January 30, 2014 2 Comments
A January 27, 2014, report on National Public Radio brought recent discussions into sharper focus. Though the story was unrelated to cancer, the lessons learned provide a road map for cancer patients in their pursuit of the most effective, least toxic treatments.
The condition known as “clubfoot” (talipes equinovarus) is a congenital deformity that afflicts one of every 1,000 births in the US. The abnormal internal rotation of the ankle is highly debilitating if not corrected shortly after birth. For decades, orthopedic surgeons used complex surgical procedures that disrupted the ankle structure and realigned the bones. Despite numerous surgeries, this rarely corrected the deformity resulting in chronic arthritis and gait disturbances. The costs were significant and the loss of productivity for those afflicted even greater, yet the dilemma remained unresolved.

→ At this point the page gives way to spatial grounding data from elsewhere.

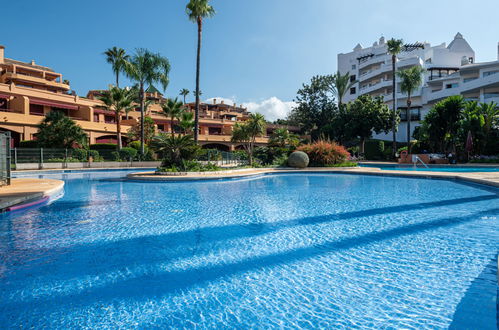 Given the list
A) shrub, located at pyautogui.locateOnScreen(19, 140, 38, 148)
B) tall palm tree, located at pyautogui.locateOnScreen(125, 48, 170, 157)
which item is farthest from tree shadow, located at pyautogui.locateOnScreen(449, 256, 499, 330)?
shrub, located at pyautogui.locateOnScreen(19, 140, 38, 148)

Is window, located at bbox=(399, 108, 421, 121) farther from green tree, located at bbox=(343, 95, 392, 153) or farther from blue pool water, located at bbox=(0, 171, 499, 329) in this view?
blue pool water, located at bbox=(0, 171, 499, 329)

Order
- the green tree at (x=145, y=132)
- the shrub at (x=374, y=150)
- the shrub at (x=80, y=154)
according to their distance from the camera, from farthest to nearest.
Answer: the shrub at (x=374, y=150), the green tree at (x=145, y=132), the shrub at (x=80, y=154)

Into the fray came Dr. Ignacio Ponseti. Ponseti, the son of a Spanish watchmaker, had gained a unique perspective on structural integrity working in his father’s shop. Fleeing the Spanish Civil War he came to the US to practice orthopedic surgery at the University of Iowa. Recognizing the poor outcomes for clubfoot surgery, he took it upon himself to rethink the problem. After all, newborns have flexible ligaments. These ligaments, he reasoned, could be re-trained through a series of casts that were replaced serially over months after birth. Once the foot was in better alignment, the children were placed in a boot to retrain the joint into its normal alignment. Not surprisingly, this simple, noninvasive, inexpensive method was eschewed by the orthopedic professionals. Undaunted, he continued to practice his art, with excellent results year after year. Dr. John Herzenberg, a Baltimore-based practitioner of the Ponseti method was quoted: “People were falling over themselves to do fancy invasive surgery, and this one strange old guy, who speaks softly with a Spanish accent in Iowa, was getting sort of ignored by the drumbeat of people who were in favor of surgery.” Despite its obvious appeal and its manifest successes, this technique remained largely in Iowa for 50 years.
And then came the Internet. When a child born with clubfoot in 2000 was recommended for standard surgery, her mother went online to examine all the options and came across Dr. Ponseti. She traveled to Iowa for an opinion. Convinced that Dr. Ponseti’s approach was superior, this brave mother took the leap and undertook the Ponseti method. Dr. Ponseti completely corrected the child’s foot. Horrified that her daughter would have suffered a life of misery without this brilliant breakthrough, this young mother took it upon herself to get the word out. Using the Internet, she created a Yahoo Support Group called “No Surgery 4 Clubfoot.” Families with afflicted children could now find out about this technique and identify practitioners who used it.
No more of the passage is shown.